The experiment of predicting classification accuracy uses the test set for model prediction. All methods are averaged after ten tests to draw a bar graph. The results are shown in Figure 17. The figure shows that ADCNN has the highest prediction accuracy at 100%, and ConvLSTM has the worst accuracy at 77.32%.

4.4.2. Performance Validation with Noise

In order to verify that the proposed method has adaptive anti-noise abilities in harsh production environments, white noise is added to the experiment to simulate the influence of noise on the prediction ability of the model.
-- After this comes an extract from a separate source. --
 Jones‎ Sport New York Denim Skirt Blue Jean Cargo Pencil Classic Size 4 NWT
White noise is uniformly distributed noise and is defined as:

p (z) = \{\begin{array}{l} 1 / 2 & if - 1 \leq z \leq 1 \\ 0 & otherwise \end{array}

(19)

z is between −1 and 1.

The signal-to-noise ratio (SNR) of the original signal and the noise is calculated by the following equation:

{SNR = 10 \log}_{10} {[\frac{A_{signal}}{A_{noise}}]}^{2} (dB)

(20)

A_signal is the signal amplitude, A_noise is the noise amplitude, and the experiment design is 5 to 1, so the SNR is about 7 dB, indicating that the added white noise is a strong interference signal. Taking the X-axis vibration signal as an example, adding white noise results in Figure 18, showing that the original signal has been disturbed by noise, which slightly damages the original signal waveform.
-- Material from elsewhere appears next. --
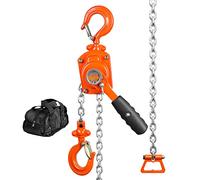 VEVOR Mini Palan à Levier Manuel 0,5 T Palan à Chaîne à Cliquet Manutention Levage 1,4 m Acier Carbone G80 Frein Weston Double Cliquet Guidage Chaîne Crochet 360° pour Marchandises Garage Quai Usine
The confusion matrices of the results of adding white noise are shown in Figure 19 and Figure 20, and the bar graph in Figure 21 shows the test accuracy of all comparison methods with added white noise. After ten experiments, the average of each method is calculated to create the bar graph. Figure 19 and Figure 21 show that ADCNN had four errors when predicting a normal machining tool. This indicates that there is a certain degree of adaptive anti-noise ability towards white noise, which can suppress the interference of the noise and reduce the decline of the model prediction accuracy. Figure 20 and Figure 21 show that the prediction accuracy of other comparative methods after adding noise had a larger decline than the method proposed in this paper, while CNN-LSTM had a smaller decline but lower accuracy. The results show that the proposed method is robust in a high-noise environment.

4.5. Discussion

This experimental design is a comparison between our proposed ADCNN method and four currently popular methods. The differences between an excessively worn dental milling cutter and a normal cutter are not very noticeable. Because of this, classification errors often occur; the prediction is that the cutter is normal when in fact it is worn. Our results show that ADCNN can accurately predict the difference between the normal cutter and the excessively worn cutter, whereas the other methods predict incorrectly. The addition of white noise reduced the accuracy of the proposed method from 100% to 99%, 1DCNN from 99.33% to 96.2%, LSTM from 99.05% to 94.1%, CNN-LSTM from 97.85% to 96.2%, and ConvLSTM from 77.32% down to 72.75%. The results show that, with or without noise interference, the proposed method has the highest prediction accuracy and adaptive anti-noise ability compared with the other methods.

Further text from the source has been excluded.